■ Your task ■
Could every line of the listing be output exactly, with the pictures skipped?

■ Working data ■
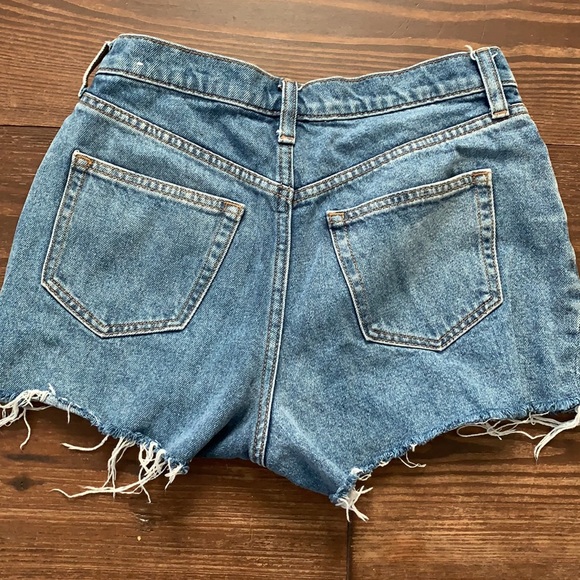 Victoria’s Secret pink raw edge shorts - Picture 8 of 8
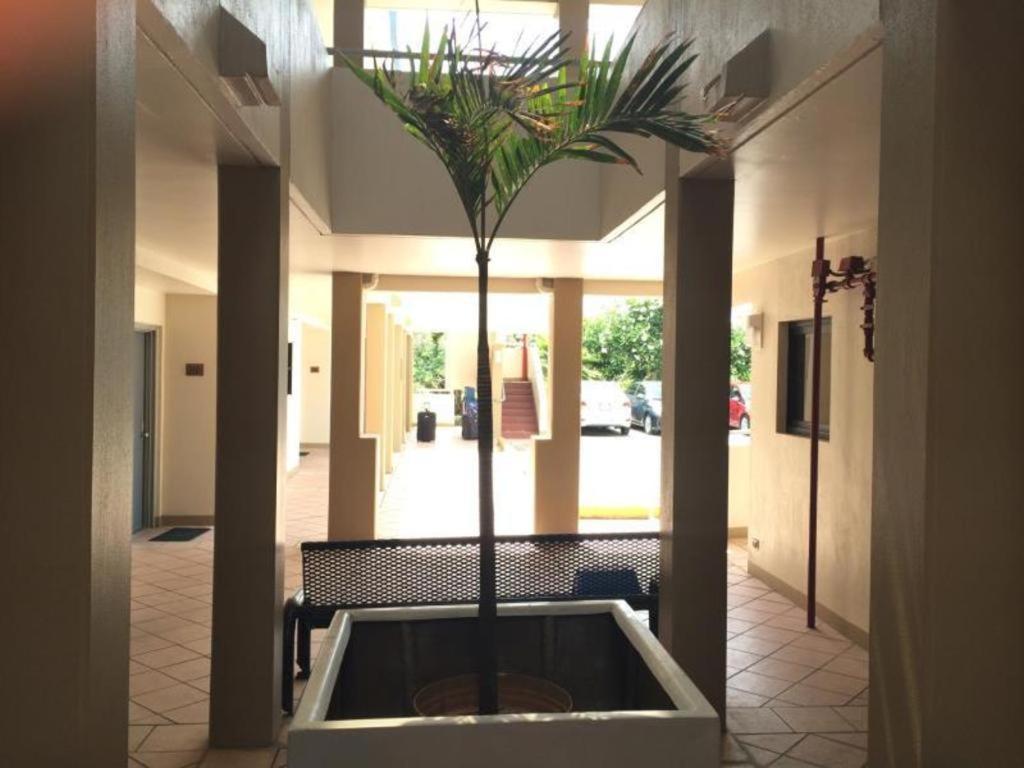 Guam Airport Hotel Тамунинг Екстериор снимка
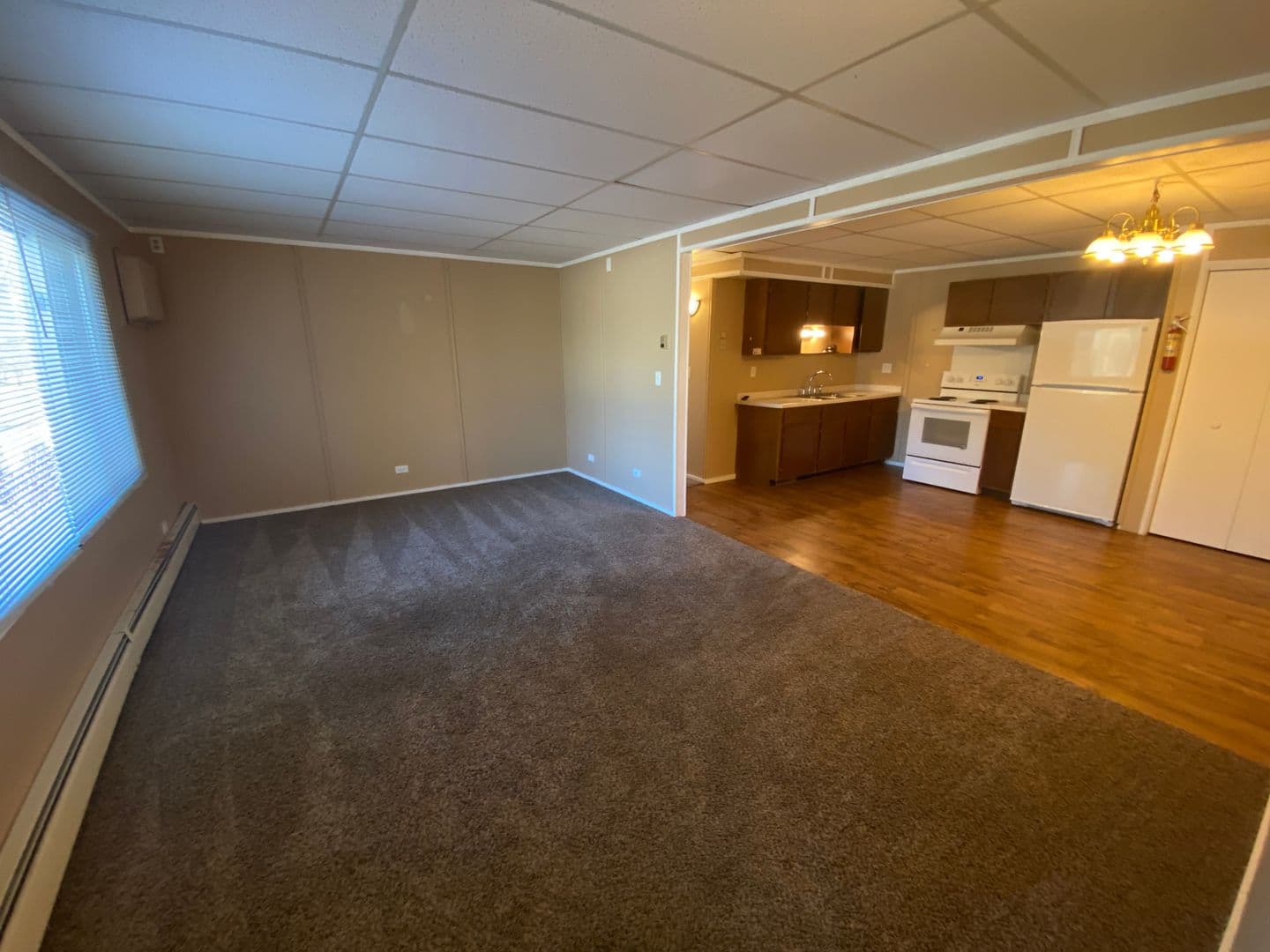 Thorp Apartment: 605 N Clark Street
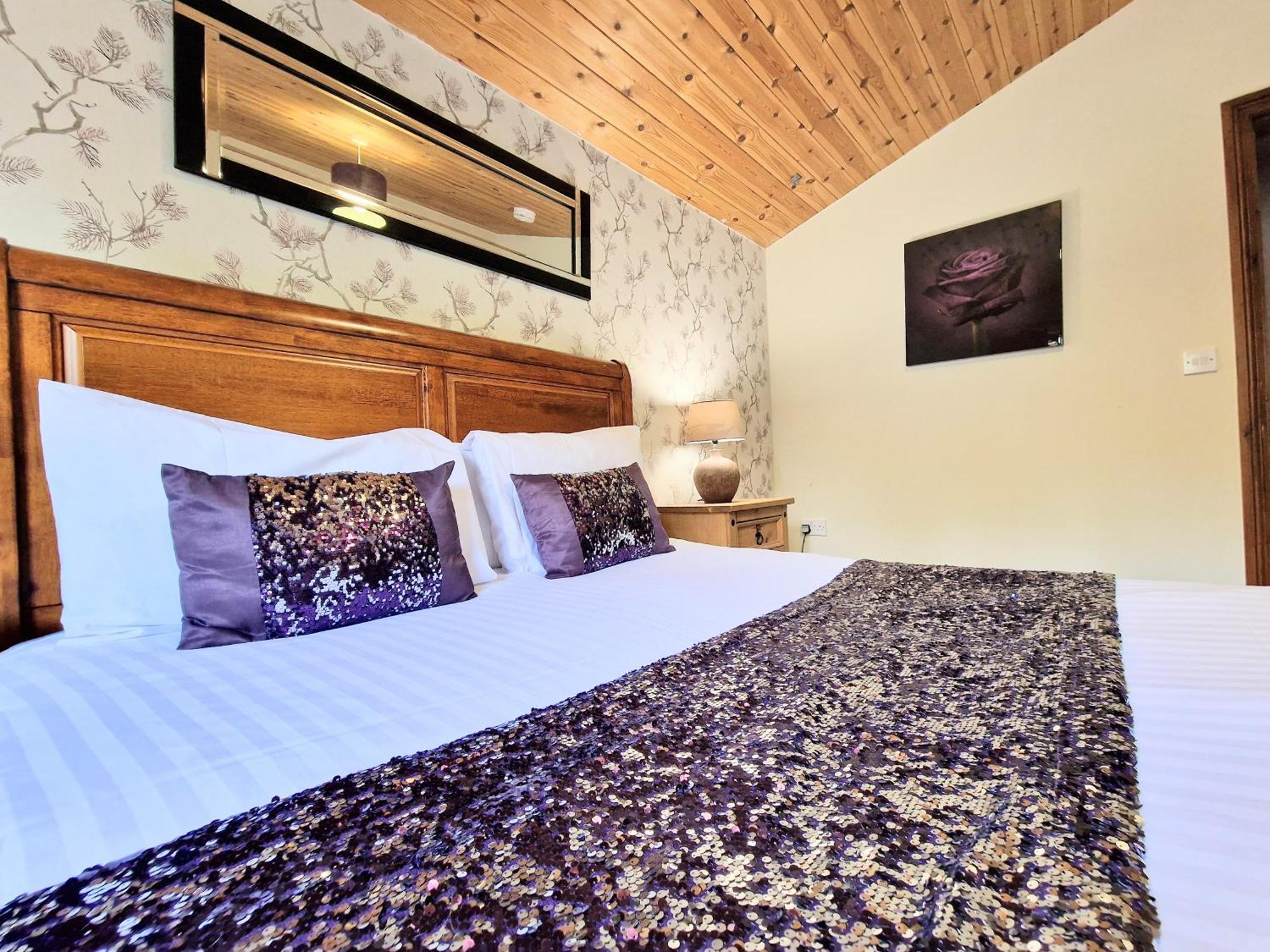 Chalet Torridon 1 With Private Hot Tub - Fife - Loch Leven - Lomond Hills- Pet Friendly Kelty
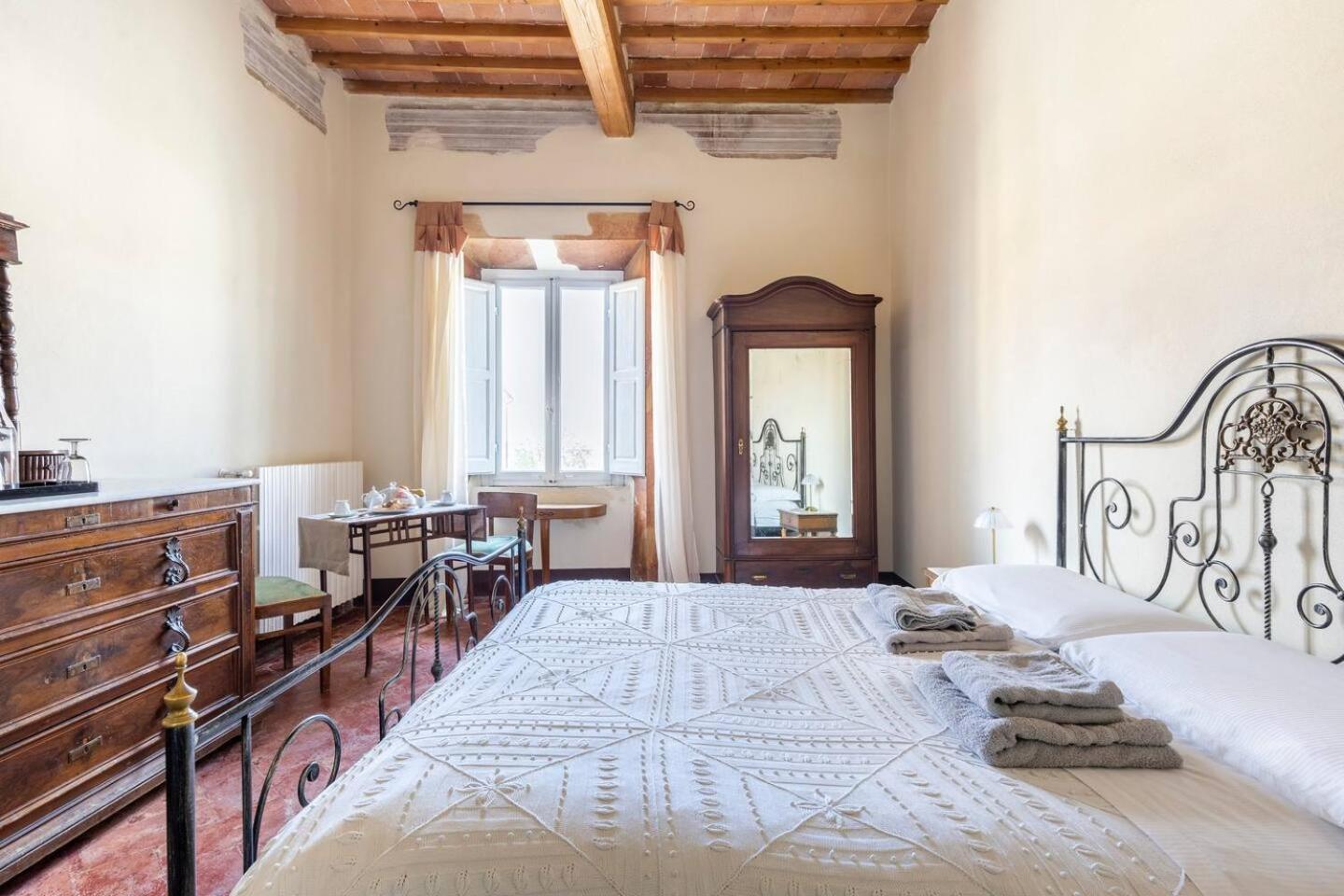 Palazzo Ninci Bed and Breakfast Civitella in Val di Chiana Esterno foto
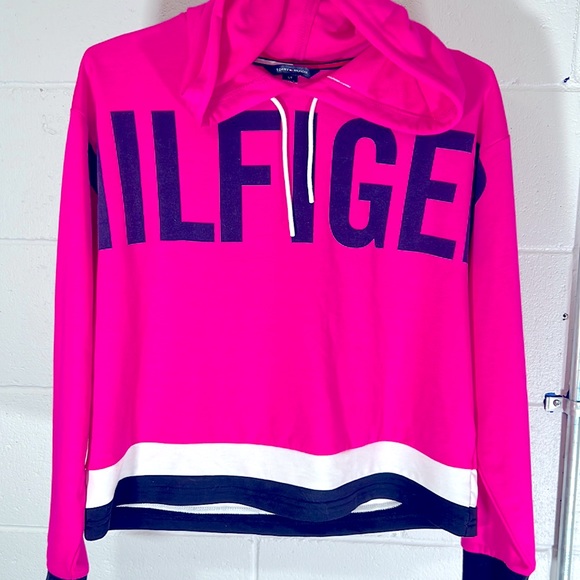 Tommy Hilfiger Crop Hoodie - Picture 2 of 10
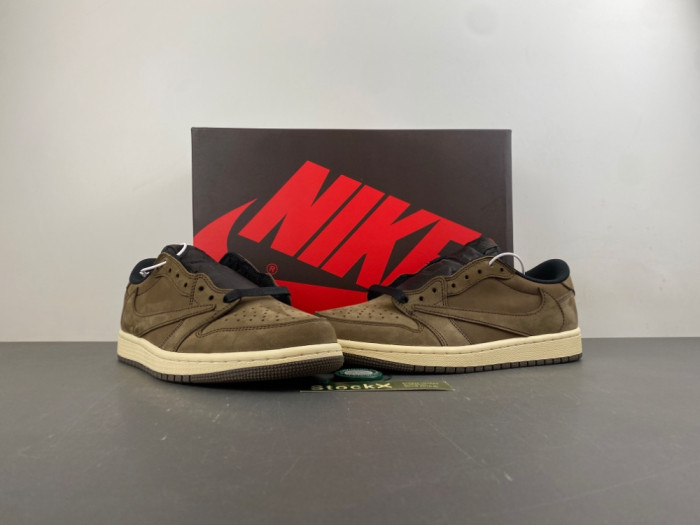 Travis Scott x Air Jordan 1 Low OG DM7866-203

■ Expected output ■
 Victoria’s Secret pink raw edge shorts - Picture 8 of 8
 Guam Airport Hotel Тамунинг Екстериор снимка
 Thorp Apartment: 605 N Clark Street
 Chalet Torridon 1 With Private Hot Tub - Fife - Loch Leven - Lomond Hills- Pet Friendly Kelty
 Palazzo Ninci Bed and Breakfast Civitella in Val di Chiana Esterno foto
 Tommy Hilfiger Crop Hoodie - Picture 2 of 10
 Travis Scott x Air Jordan 1 Low OG DM7866-203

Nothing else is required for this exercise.